Extracted material
----
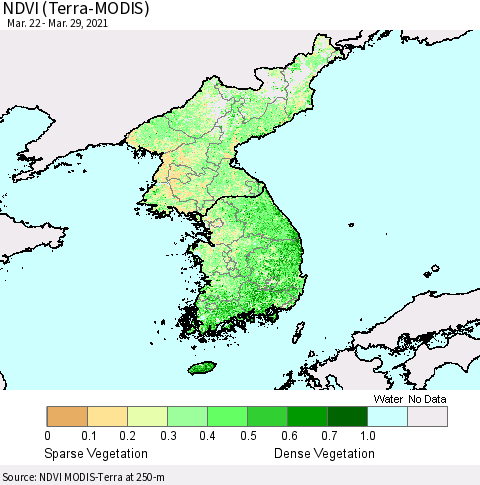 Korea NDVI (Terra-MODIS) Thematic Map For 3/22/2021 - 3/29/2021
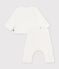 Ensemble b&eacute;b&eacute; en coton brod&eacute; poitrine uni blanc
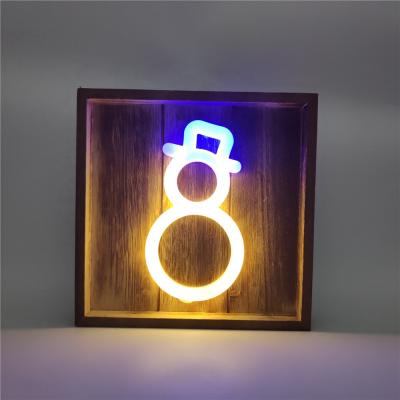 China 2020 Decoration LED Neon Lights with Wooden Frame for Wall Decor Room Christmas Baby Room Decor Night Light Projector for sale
----
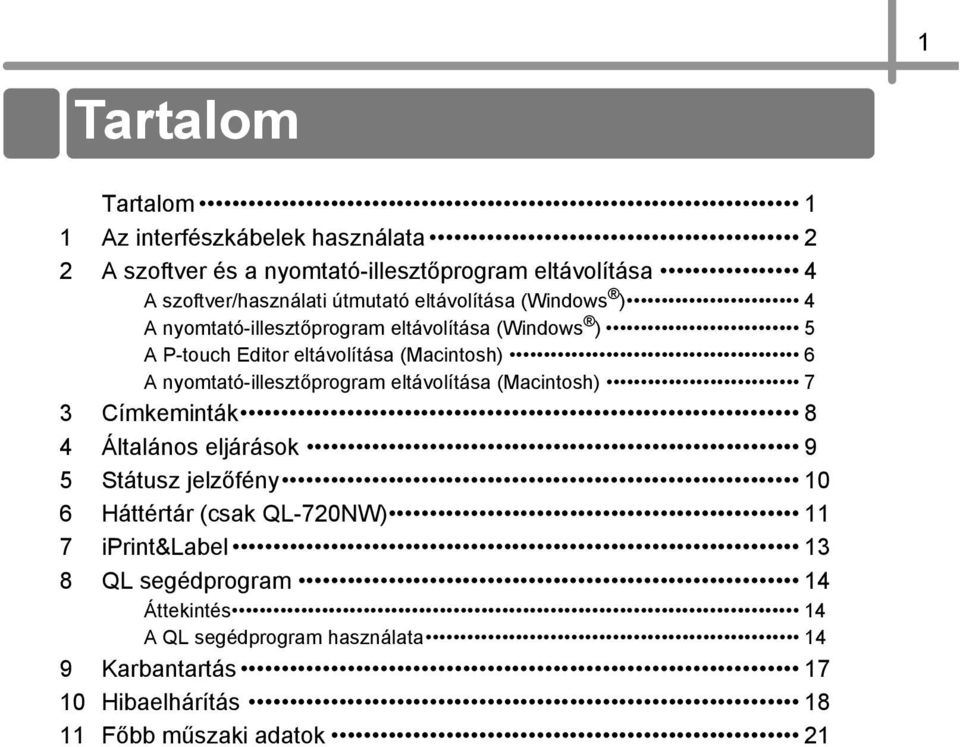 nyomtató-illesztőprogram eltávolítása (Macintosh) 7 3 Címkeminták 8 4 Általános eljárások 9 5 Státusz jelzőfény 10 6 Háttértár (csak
----
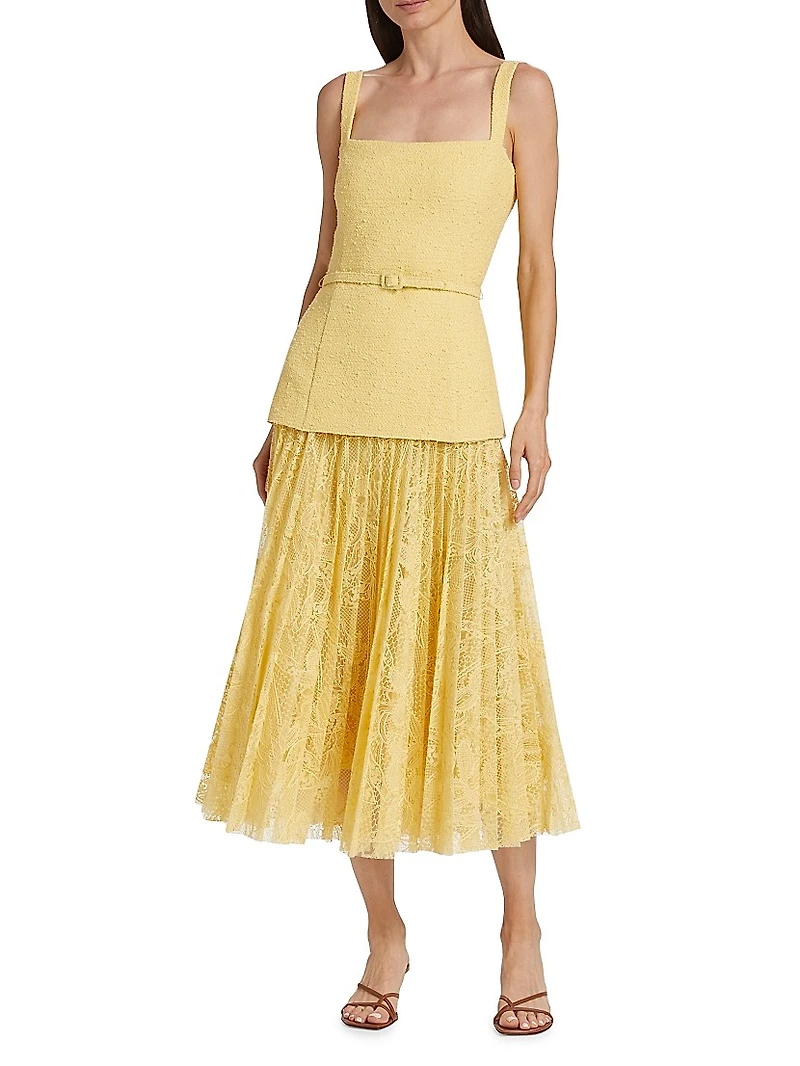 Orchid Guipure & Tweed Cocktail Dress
----
What you should do
Return only the part above that opens with the line containing "Korea NDVI (Terra-MODIS)" and closes with the line containing "China 2020 Decoration", exactly and with both ends, skipping the pictures.

Response
 Korea NDVI (Terra-MODIS) Thematic Map For 3/22/2021 - 3/29/2021
 Ensemble b&eacute;b&eacute; en coton brod&eacute; poitrine uni blanc
 China 2020 Decoration LED Neon Lights with Wooden Frame for Wall Decor Room Christmas Baby Room Decor Night Light Projector for sale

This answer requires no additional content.